From: | KaiGai Kohei <kaigai(at)ak(dot)jp(dot)nec(dot)com> |
---|---|
To: | Robert Haas <robertmhaas(at)gmail(dot)com> |
Cc: | Joshua Tolley <eggyknap(at)gmail(dot)com>, Tom Lane <tgl(at)sss(dot)pgh(dot)pa(dot)us>, Bernd Helmle <mailings(at)oopsware(dot)de>, pgsql-hackers(at)postgresql(dot)org |
Subject: | Re: [PATCH] [v8.5] Security checks on largeobjects |
Date: | 2009-07-17 01:36:11 |
Message-ID: | 4A5FD58B.5070201@ak.jp.nec.com |
Views: | Raw Message | Whole Thread | Download mbox | Resend email |
Thread: | |
Lists: | pgsql-hackers |
I summarized the design proposal and issues currently we have.
I would like to see any comments corresponding to the proposition.

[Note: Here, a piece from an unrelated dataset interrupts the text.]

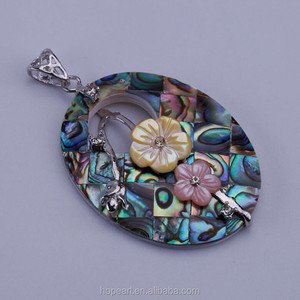 MOP19-colgante de concha de abulón Oval con flores, playa, boda, novia, joyería - Product Image 1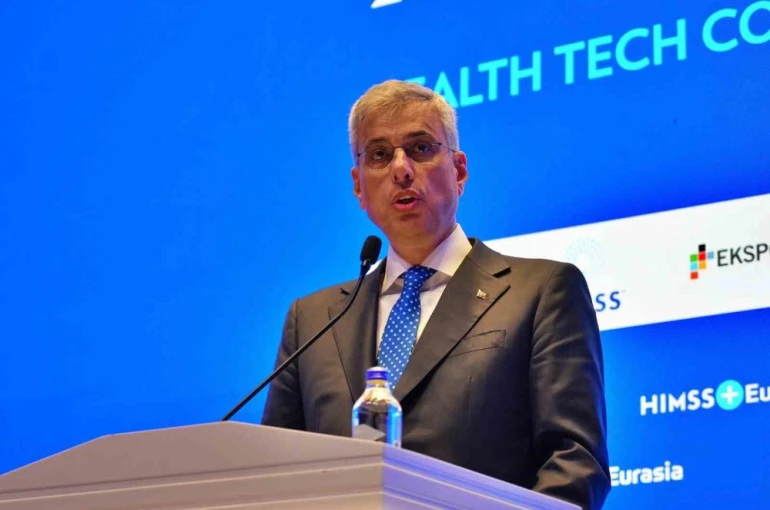 Sağlık Bakanı Memişoğlu: "Nasıl ki savunma sanayinde yerlilik oranımızı zirveye taşıdıysak, sağlık endüstrisinde de aynı başarı hikayesini yazacağız"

Especially, selection of the snapshot is a headach issue for me.
----------------
This project tries to solve two items listed at:
http://wiki.postgresql.org/wiki/Todo#Binary_Data
* Add security checks for large objects
* Allow read/write into TOAST values like large objects
= Introduction =
We need to associate a metadata for a certain largeobject to
implement security checks for largeobjects. However, the data
structure of largeobjects are not suitable to manage its
metadata (such as owner identifier, database acls ...) on
a certain largeobject, because a largeobject is stored as
separated page frames in the pg_largeobject system catalog.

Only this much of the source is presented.